* _PROMPT_: Reproduce the listing below exactly, except for its pictures.

* _DATASET EXTRACT_:

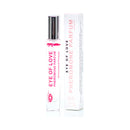 Eye Of Love Unscented Female Pheromone Parfum 10 mL bottle and box on a white background.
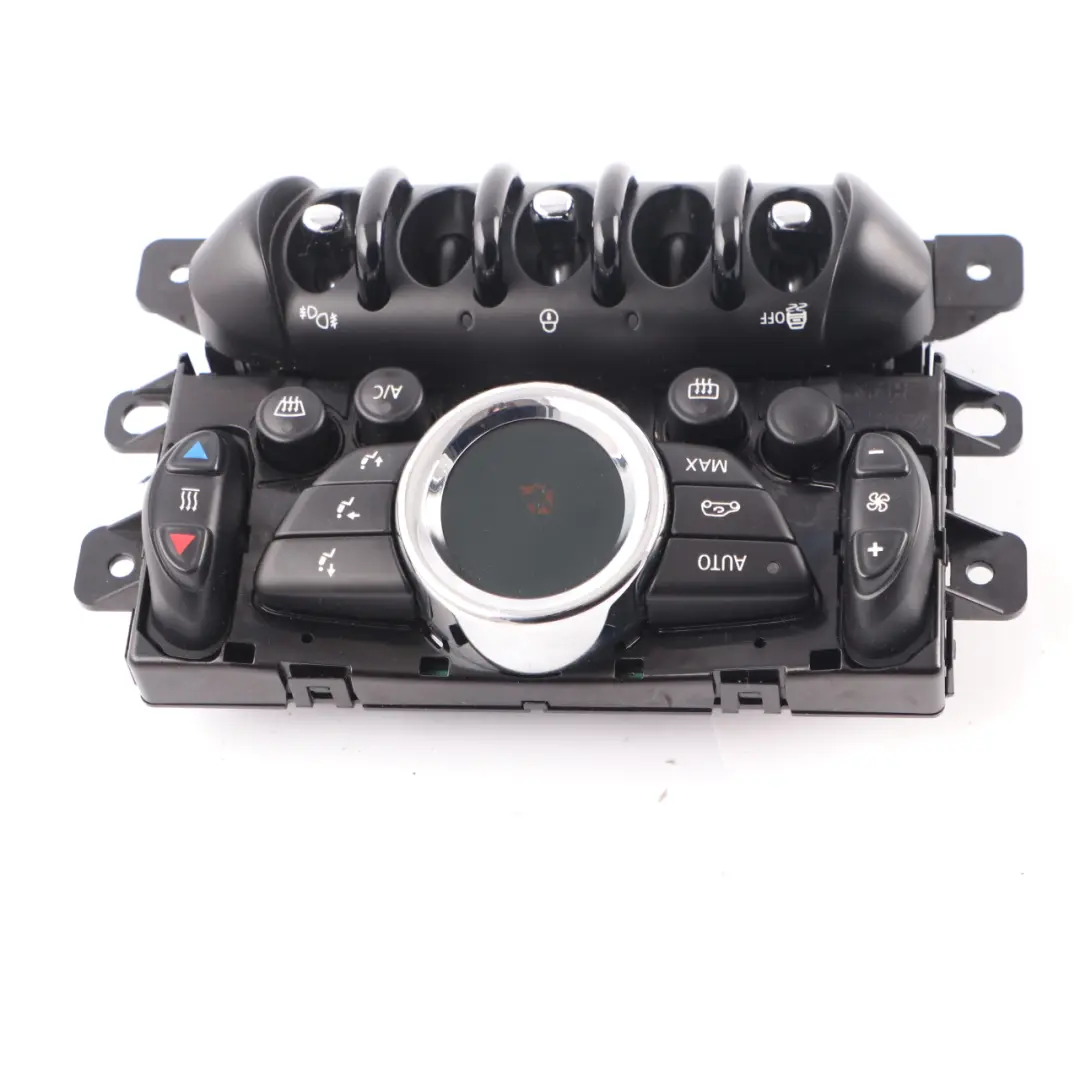 Bedienteil Klimaautomatik Sitzheizung für BMW Mini Cooper 4 R60 R61 mit Teilenummer 9812027 BMW Mini Cooper 4 R60 R61 Bedienteil Klimaautomatik Sitzheizung - SKU 9812027-4 - Teilenummer 9812027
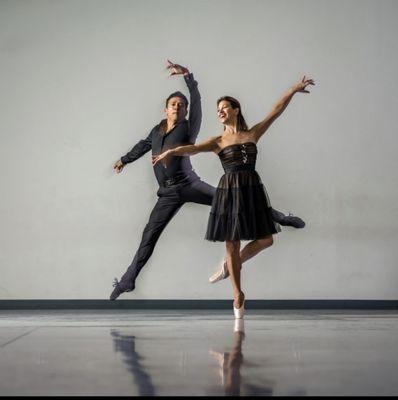 Iliana Lopez and Franklin Gamero, Artistic Directors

* _REPLY_:
 Eye Of Love Unscented Female Pheromone Parfum 10 mL bottle and box on a white background.
 Bedienteil Klimaautomatik Sitzheizung für BMW Mini Cooper 4 R60 R61 mit Teilenummer 9812027 BMW Mini Cooper 4 R60 R61 Bedienteil Klimaautomatik Sitzheizung - SKU 9812027-4 - Teilenummer 9812027
 Iliana Lopez and Franklin Gamero, Artistic Directors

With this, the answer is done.